5.2 By contrast, subjectivity, in Benveniste’s sense, is neither a pure principle of freedom and knowledge, nor a condition of possibility of freedom and knowledge, nor a simple result in consciousness of knowledge and action processes. It is radically historical. However, its historicity does not make it either some kind of illusion, a ghost, a mere surface appearance poorly covering the Abgrund – the Abyss, as Heidegger and many of his willing or unwilling followers would like. To put it in a nutshell, from the point of view of semantics and theory of enunciation, subjectivity and human historicity do not stem from a paradigm of Freedom, whether the latter derives from a capacity for language which would differentiate man from animals or from necessarily reflexive forms of communication in societies.
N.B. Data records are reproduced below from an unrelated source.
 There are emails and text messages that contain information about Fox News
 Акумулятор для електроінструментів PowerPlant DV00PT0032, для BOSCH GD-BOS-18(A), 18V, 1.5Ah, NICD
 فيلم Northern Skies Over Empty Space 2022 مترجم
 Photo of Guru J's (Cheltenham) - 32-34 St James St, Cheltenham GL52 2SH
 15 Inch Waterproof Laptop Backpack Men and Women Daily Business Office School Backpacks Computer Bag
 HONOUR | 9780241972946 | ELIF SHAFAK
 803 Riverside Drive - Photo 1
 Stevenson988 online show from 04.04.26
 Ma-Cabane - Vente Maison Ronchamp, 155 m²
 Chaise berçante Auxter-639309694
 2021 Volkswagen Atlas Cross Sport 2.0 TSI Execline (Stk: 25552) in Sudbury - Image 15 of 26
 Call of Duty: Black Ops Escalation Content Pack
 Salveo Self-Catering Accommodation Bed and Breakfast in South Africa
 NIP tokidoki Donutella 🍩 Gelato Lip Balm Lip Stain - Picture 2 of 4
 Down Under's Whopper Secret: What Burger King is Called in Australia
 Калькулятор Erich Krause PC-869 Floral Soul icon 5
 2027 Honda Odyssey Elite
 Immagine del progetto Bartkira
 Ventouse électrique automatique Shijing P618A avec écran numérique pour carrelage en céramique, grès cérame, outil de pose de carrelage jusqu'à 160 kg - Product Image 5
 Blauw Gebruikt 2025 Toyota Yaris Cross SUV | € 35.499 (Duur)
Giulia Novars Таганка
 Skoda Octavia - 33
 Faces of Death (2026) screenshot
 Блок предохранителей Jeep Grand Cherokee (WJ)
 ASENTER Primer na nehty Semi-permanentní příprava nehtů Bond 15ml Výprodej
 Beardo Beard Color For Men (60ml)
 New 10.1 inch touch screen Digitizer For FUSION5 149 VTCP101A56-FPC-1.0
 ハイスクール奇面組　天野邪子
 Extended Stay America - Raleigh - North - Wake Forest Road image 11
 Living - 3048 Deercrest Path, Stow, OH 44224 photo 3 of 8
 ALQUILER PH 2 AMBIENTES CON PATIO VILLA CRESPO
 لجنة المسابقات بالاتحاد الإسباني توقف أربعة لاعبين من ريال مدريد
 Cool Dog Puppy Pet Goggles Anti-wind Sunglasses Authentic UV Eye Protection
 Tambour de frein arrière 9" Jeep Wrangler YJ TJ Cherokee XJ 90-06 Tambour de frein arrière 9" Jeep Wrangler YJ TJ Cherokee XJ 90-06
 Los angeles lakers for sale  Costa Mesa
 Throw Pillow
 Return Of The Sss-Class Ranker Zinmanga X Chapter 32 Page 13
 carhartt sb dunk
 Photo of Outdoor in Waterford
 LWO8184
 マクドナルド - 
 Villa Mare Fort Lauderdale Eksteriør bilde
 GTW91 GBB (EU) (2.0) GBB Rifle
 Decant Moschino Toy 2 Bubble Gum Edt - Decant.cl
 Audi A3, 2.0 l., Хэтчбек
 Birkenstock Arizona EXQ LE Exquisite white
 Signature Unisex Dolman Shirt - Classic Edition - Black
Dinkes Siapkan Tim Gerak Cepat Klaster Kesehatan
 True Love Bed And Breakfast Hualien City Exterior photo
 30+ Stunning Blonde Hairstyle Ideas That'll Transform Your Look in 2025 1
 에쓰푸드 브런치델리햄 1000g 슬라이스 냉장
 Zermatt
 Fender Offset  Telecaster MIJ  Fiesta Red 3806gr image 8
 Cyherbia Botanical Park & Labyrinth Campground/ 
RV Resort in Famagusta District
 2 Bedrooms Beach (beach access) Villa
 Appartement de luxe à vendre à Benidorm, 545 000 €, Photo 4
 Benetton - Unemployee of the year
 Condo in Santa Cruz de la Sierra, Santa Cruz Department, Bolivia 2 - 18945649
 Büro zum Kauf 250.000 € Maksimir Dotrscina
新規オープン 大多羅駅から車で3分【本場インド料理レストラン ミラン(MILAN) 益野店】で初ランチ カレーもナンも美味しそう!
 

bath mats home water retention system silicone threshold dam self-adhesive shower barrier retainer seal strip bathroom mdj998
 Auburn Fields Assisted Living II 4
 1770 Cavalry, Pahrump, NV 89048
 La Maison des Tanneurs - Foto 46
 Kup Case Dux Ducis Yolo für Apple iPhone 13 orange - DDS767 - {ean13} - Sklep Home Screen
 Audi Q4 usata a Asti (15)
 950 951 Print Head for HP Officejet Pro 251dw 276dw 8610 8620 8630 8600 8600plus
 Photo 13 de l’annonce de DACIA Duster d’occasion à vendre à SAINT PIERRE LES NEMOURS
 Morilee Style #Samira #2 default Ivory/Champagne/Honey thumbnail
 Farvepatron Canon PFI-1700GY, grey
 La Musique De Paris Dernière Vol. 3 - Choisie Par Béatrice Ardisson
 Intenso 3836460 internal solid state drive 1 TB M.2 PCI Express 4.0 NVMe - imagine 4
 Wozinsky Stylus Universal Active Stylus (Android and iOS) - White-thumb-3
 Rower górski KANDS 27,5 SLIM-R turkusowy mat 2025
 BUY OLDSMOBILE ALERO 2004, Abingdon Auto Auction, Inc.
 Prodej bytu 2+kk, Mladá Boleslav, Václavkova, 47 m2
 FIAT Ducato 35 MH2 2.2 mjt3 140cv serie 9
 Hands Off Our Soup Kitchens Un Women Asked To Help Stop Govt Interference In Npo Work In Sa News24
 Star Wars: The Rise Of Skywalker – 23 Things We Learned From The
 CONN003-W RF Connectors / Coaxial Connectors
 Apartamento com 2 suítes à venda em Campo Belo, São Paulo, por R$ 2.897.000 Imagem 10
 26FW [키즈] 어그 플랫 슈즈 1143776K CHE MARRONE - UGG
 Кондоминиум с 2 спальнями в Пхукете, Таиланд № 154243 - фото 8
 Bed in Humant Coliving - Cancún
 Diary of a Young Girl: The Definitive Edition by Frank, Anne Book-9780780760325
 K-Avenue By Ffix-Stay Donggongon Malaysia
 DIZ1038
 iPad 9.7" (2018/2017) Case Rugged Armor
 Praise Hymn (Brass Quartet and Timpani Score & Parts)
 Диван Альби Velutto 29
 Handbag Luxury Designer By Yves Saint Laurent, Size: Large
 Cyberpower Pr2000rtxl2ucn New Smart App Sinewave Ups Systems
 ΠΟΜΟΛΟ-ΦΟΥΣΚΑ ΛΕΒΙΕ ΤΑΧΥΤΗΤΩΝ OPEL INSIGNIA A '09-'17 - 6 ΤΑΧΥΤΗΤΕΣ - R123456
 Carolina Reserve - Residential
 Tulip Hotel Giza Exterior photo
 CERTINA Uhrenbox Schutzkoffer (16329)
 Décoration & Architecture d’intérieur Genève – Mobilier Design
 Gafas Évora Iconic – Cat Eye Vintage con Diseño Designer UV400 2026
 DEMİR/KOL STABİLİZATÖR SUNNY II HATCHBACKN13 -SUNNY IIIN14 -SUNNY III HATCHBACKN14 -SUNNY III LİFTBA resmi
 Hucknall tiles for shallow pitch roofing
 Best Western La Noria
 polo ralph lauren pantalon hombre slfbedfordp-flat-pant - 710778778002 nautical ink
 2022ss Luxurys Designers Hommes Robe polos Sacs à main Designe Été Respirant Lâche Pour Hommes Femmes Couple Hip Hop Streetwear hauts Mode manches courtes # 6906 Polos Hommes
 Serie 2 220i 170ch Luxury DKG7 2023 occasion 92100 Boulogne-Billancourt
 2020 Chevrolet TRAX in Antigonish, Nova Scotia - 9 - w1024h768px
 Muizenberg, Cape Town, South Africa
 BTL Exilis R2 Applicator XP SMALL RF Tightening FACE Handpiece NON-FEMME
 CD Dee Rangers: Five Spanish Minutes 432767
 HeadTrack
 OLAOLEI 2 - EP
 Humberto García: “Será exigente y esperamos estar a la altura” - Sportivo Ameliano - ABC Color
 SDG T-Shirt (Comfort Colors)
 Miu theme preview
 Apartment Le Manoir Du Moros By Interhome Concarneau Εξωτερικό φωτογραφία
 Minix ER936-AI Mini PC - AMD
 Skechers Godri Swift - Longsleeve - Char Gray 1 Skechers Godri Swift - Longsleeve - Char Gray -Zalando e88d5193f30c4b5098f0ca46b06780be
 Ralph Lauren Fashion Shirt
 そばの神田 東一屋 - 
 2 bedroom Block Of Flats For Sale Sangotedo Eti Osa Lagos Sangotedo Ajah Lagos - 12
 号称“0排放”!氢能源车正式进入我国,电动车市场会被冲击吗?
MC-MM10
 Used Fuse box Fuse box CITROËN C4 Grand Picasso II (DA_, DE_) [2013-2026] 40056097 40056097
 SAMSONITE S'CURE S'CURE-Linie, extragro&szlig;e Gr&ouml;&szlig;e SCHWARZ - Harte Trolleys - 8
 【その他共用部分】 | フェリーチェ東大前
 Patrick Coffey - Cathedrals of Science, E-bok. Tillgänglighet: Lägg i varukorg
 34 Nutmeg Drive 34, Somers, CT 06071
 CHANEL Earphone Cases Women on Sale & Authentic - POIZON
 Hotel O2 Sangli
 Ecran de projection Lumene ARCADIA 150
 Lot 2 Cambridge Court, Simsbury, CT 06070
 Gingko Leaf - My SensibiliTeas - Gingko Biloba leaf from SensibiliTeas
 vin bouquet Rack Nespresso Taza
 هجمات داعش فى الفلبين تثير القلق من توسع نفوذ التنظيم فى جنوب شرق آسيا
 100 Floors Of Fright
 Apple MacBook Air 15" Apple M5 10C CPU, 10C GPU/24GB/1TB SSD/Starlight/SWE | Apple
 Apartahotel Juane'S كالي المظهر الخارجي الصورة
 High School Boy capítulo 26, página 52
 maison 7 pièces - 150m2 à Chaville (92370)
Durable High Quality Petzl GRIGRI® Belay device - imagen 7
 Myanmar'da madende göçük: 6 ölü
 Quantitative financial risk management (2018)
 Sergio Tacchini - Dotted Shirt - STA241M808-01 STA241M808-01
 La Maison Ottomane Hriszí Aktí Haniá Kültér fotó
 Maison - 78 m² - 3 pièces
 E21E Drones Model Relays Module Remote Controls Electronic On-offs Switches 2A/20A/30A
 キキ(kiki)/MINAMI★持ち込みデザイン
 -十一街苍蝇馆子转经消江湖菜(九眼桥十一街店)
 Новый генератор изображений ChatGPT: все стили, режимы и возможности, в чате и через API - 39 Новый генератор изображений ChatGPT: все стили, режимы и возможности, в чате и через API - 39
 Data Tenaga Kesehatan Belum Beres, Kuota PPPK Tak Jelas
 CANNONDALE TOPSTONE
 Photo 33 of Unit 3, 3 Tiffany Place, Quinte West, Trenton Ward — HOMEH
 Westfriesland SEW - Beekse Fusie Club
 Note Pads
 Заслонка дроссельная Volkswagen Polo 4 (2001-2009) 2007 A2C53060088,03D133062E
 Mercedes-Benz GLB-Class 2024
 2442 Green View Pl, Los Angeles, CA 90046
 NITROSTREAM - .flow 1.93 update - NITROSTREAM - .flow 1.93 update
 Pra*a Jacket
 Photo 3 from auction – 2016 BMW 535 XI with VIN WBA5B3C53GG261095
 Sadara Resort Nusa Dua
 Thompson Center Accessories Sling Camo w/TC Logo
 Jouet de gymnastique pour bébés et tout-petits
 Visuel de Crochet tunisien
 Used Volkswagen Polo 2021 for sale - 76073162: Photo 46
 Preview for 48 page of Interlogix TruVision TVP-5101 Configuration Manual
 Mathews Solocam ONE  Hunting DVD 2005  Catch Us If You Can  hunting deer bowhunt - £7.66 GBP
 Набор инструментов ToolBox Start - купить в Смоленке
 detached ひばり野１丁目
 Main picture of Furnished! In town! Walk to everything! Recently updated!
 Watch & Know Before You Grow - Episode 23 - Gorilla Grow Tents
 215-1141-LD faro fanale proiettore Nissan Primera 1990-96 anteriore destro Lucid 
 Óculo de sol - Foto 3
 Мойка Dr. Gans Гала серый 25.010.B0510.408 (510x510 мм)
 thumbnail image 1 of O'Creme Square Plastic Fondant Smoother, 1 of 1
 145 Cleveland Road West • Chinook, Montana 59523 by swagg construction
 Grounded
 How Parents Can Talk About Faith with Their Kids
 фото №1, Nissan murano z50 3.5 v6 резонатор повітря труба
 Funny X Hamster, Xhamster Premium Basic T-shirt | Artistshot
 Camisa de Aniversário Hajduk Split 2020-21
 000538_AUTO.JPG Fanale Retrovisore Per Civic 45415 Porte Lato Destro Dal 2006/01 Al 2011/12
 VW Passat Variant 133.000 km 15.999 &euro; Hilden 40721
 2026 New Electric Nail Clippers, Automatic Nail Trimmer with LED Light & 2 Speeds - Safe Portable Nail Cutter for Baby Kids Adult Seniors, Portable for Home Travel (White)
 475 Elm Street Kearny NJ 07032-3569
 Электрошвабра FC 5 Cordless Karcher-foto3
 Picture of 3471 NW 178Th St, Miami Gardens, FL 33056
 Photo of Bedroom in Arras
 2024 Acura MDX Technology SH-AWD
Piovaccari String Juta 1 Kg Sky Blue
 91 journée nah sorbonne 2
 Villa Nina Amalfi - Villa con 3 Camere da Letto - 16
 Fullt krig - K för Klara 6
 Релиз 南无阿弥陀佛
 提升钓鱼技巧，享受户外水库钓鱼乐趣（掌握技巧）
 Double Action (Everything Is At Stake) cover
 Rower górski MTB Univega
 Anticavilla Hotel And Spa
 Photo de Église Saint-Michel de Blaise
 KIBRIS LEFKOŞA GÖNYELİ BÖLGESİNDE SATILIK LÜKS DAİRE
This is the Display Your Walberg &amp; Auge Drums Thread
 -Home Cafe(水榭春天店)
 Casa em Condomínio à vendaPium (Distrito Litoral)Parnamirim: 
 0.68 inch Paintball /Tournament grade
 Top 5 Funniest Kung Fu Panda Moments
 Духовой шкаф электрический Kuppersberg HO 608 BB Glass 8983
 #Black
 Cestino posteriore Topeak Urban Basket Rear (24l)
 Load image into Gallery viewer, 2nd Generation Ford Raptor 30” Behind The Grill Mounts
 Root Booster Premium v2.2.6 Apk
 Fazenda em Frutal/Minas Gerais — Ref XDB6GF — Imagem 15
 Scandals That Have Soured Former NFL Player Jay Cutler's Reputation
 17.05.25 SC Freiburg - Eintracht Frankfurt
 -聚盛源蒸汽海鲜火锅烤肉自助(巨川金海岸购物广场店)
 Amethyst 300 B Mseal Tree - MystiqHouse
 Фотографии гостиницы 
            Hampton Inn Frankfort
Neither does it fall within a paradigm of Destiny, determined by the unsurpassable facticity of a Dasein subject to Language or to the profusion of Life and Forces. The form of life peculiar to humans involved by the use of language implies in itself a regime of radical historicity and it is this particular regime that precisely makes us human. It is a rhuthmic adventure, each time risky and specific, but also most of the time shareable.

6. To conclude, let us briefly touch on two problematic points. One of the most obvious limitations of Benveniste’s contribution is certainly his distance from the contemporary discoveries in natural science. To my knowledge, he never mentioned any of them or paid attention to the aspects that could have helped him in his own reflection. The other, more questionable, is the lack of theory and study of literature. Surprisingly, despite his youthful acquaintance with the Surrealists and his awareness of the historical-anthropological importance of language, he never published anything concerning one of its most important uses: its artistic use in poetry, fiction, novel, etc. A few years ago, Chloé Laplantine (1980-) has gathered and presented the notes he took on Baudelaire (Laplantine, 2011) but, despite their obvious interest, Benveniste chose not to or could not publish them. Poetics joined the rhythmological constellation only with Meschonnic’s contributions in the 1970s and particularly with his masterwork published in 1982, which will be discussed in the next volume.